● What you need to do: Word for word, restate the lines of the data below between those holding "CRYSTAL AURA BEACH RESORT & SPA" and "Coolane 女款秋冬優雅休閒外出可愛舒適保暖彈性麻花針織刺繡對比飾邊白色短版V領長袖毛衣 - 白色", inclusive; pictures do not belong in the copy.

● Exercise data:
================

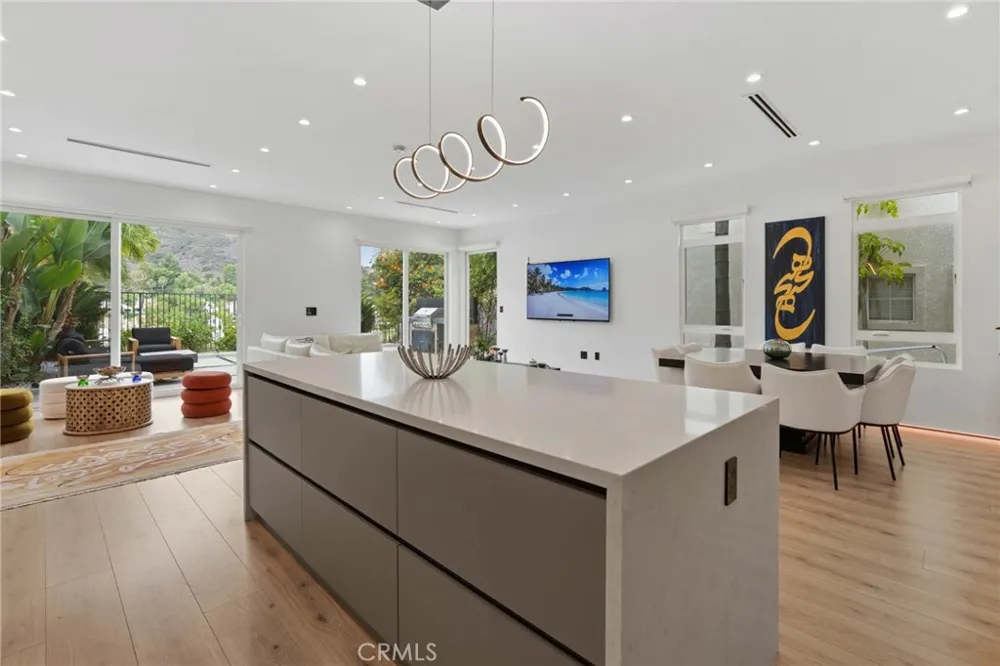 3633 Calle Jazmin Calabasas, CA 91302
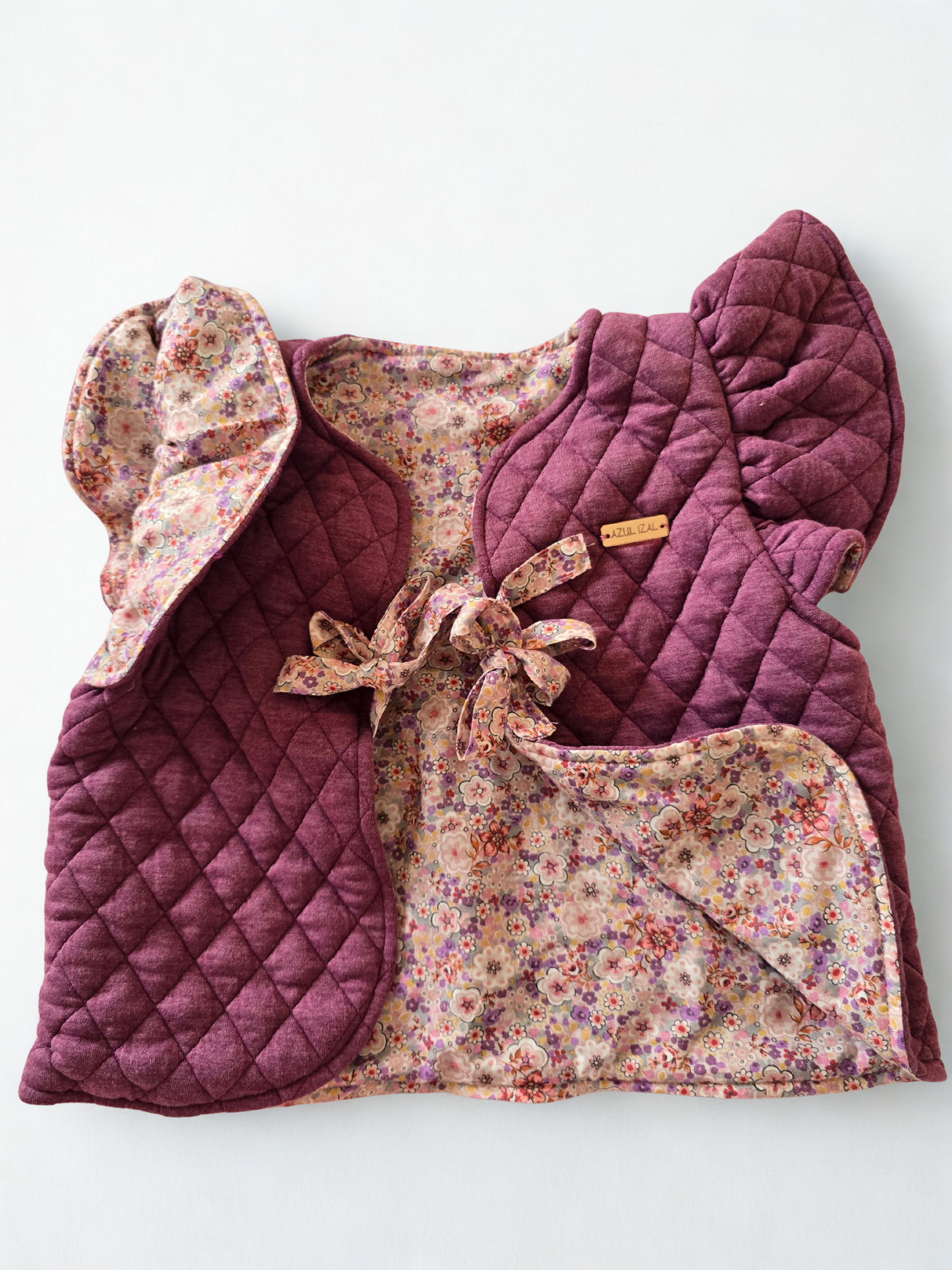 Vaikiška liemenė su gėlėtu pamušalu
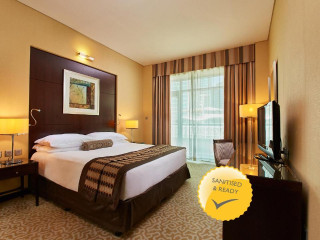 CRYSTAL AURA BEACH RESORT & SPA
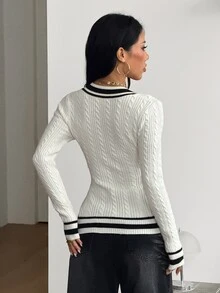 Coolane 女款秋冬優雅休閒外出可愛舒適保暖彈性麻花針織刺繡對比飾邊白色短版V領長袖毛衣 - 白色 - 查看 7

================

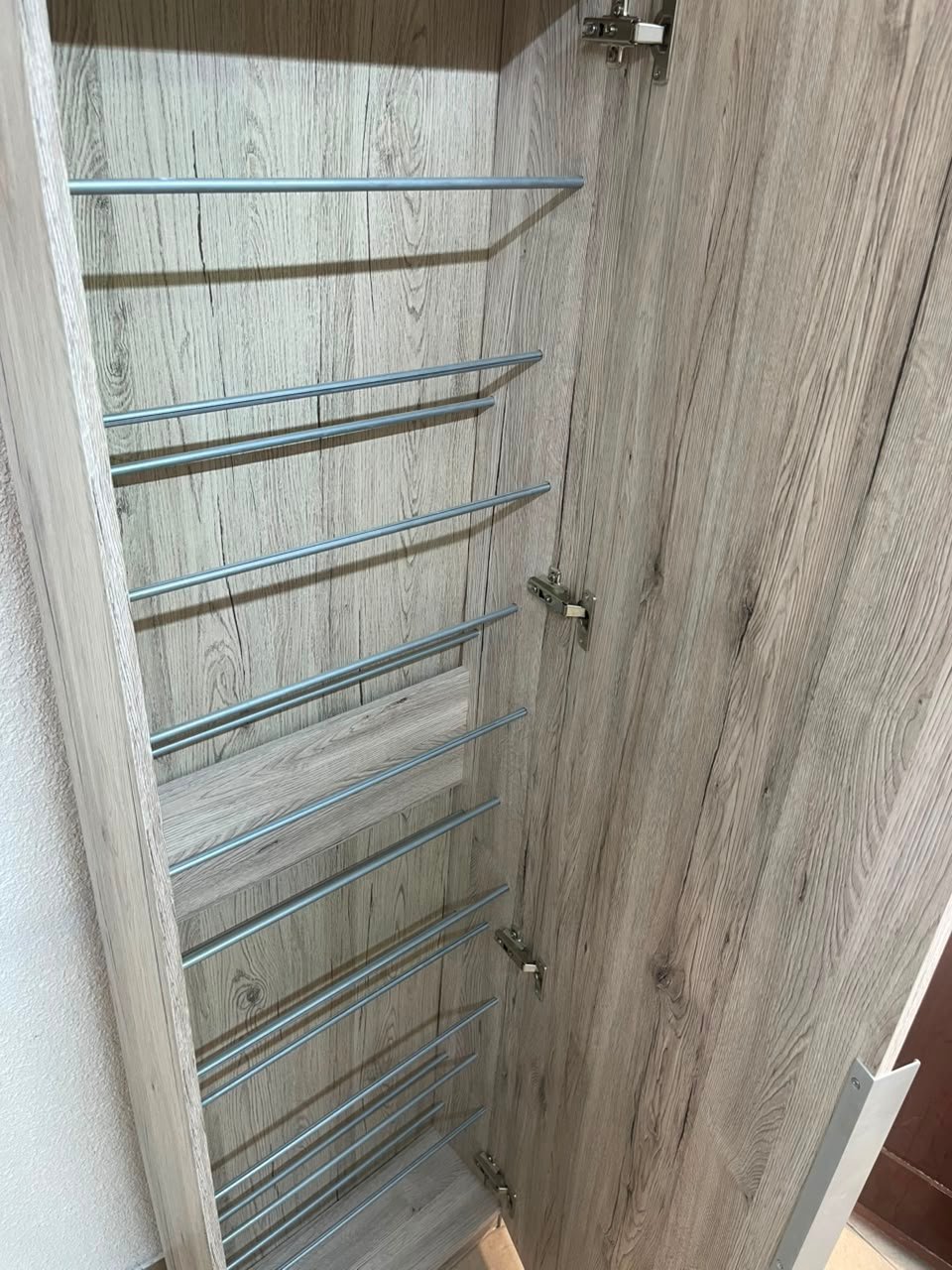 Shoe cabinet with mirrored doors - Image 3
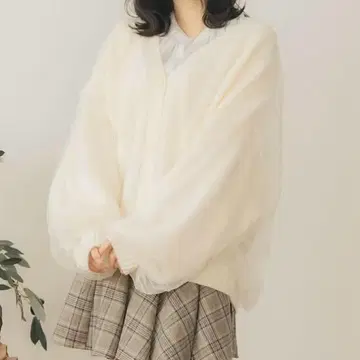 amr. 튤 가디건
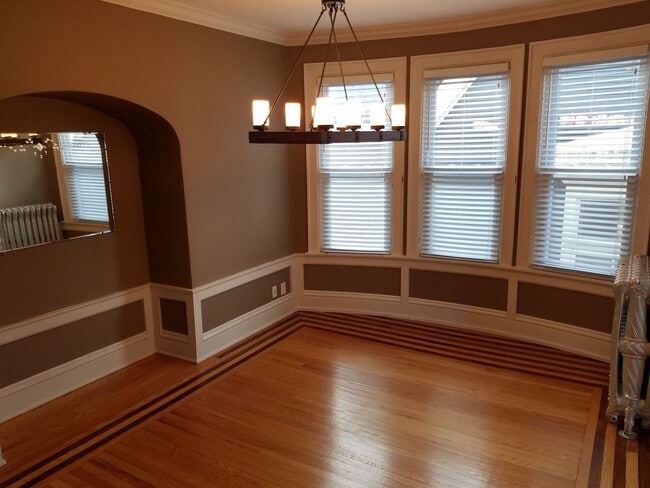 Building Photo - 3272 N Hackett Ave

================

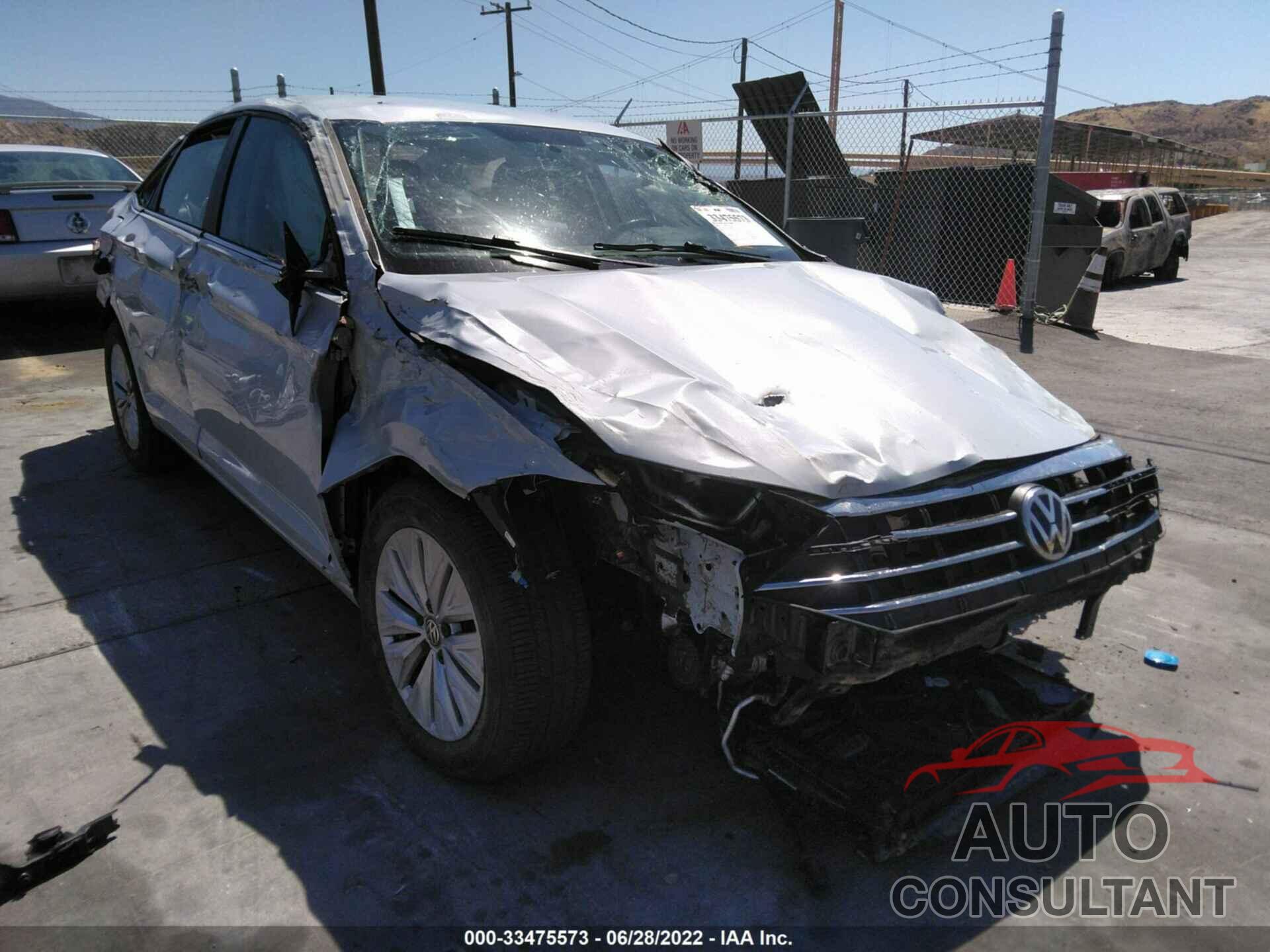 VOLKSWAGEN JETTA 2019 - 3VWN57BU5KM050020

================

● Answer for this exercise:
 CRYSTAL AURA BEACH RESORT & SPA
 Coolane 女款秋冬優雅休閒外出可愛舒適保暖彈性麻花針織刺繡對比飾邊白色短版V領長袖毛衣 - 白色 - 查看 7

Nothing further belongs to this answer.